# lingdoc/trs2txt

Converter for Transcriber files to Toolbox format for use by Fieldwork Linguists and others.
Python
Switch branches/tags
Nothing to show
Fetching latest commit…
Cannot retrieve the latest commit at this time.

### README for trs2txt python script and executable

Version 1.2 CC by 4.0 Hiram Ring, 2015-2018, www.hiramring.com, hiram1@e.ntu.edu.sg http://creativecommons.org/licenses/by/4.0/

Freely available for use, distribution, and modification

This README.txt file is intended to be copied along with the trs2txt python script and executable file.

This folder contains the following files:

• ELAN.typ (a database file that Toolbox requires to understand the markers)
• README.md (this readme file)
• Ring-The_trs2txt_script.pdf (a PDF file explaining the usage of the script in more detail)
• trs2txt.exe (the executable script file)
• trs2txt.py (the Python script from which the executable is built)

*** CHANGES SINCE 1.1 ***

The trs2txt.cfg file is deprecated in favor of a program-internal creation of the configuration file. This allows users to input necessary markers for each field the first time they run the converter in a new folder. To reset the configuration, simply delete the CONFIG file that the converter creates.
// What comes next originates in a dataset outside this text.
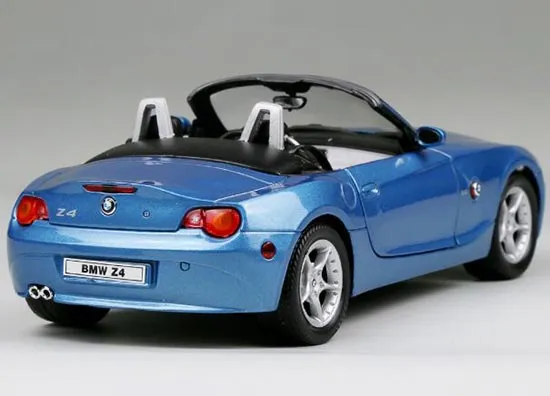 /img/48675-diecast-car-display.webp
The script is inspired by Andrew Margetts' online converter (http://linguisticsoftwareconverters.zong.mine.nu/) and is designed for making Toolbox .txt files (http://www-01.sil.org/computing/toolbox/) from Transcriber 1.5.1 .trs files (http://sourceforge.net/projects/trans/files/transcriber/1.5.1/) to allow users to play segments of long sound files from within Toolbox. When the program runs for the first time, it will prompt users to create a CONFIG file which will subsequently determine the markers in the Toolbox files. For example, to use the \ref marker for the Toolbox reference line, enter ref (without the backslash) at the relevant command prompt. To reset the markers, delete the CONFIG file. Typical Toolbox markers are given below:

• \ref (line name and number)
• \ELANBegin (timecode beginning)
• \ELANEnd (timecode ending)
• \t (vernacular text - Toolbox default is \tx)
• \f (free translation - Toolbox default is \ft)
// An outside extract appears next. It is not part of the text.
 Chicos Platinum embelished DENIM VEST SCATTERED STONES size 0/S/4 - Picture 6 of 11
These markers should also correspond to the descriptions in the ELAN.typ file (a sample file is included in the .zip). The ELAN.typ file should be placed in your Toolbox project settings folder. Other markers and information that will be added are the linked sound file and participant turn information. Participant turn information will only be populated if such information is available in your Transcriber file. Otherwise this entry will be left blank - you can add this information manually in Toolbox. This information is used by ELAN to import Toolbox interlinear texts.

To use the script, run it in a directory that contains your Transcriber .trs files. The script/executable will create a corresponding .txt file for each .trs file in the directory, using the configuration file as a guide. Existing .txt files will be overwritten. To import the texts into Toolbox you can open each text file in a text editor, copy the content (from the header \id to the end) and paste it into your Toolbox Texts.txt file.

To play the sound file from your Toolbox project, the sound file should be in the same directory as the texts. It may be possible to put the file in a separate folder within your projects directory, and change all the paths in the generated Toolbox file, though I have not tried this.

Things to note:

1. The script populates the \id, \ref, \ELANParticipant and \sound fields (as well as the timecode information) directly from the linked file in your Transcriber session. It is a good idea to save the Transcriber timecoded file in the same directory as your sound file in order to avoid having to find/replace more information in the resulting text file.
2. Toolbox does not seem to support spaces in directory names or soundfile names, so the script replaces all spaces in a linked filename with underscores (_). This may mean that you will have to rename your sound file(s). Currently the script replaces no other characters, so other characters which may break Toolbox compatibility should be replaced via a find/replace command in your text editor of choice.
3. Toolbox does not support sound formats other than .WAV - since it is generally bad practice in linguistics to record in formats other than .wav, I consider this a non-issue. In the case of non-wav formats I recommend converting the file to .wav before time-aligning in Transcriber.
4. This script treats all time-aligned text as belonging to the \tx (\t) line. However, it adds an \ft (\f) line to the resulting Toolbox .txt file to facilitate easy adding of this information. If you have a file with both vernacular text and free translation, you can leave it all on the same line in your Transcriber time-alignment, and simply copy-paste from the \tx line to the \ft once it is in Toolbox.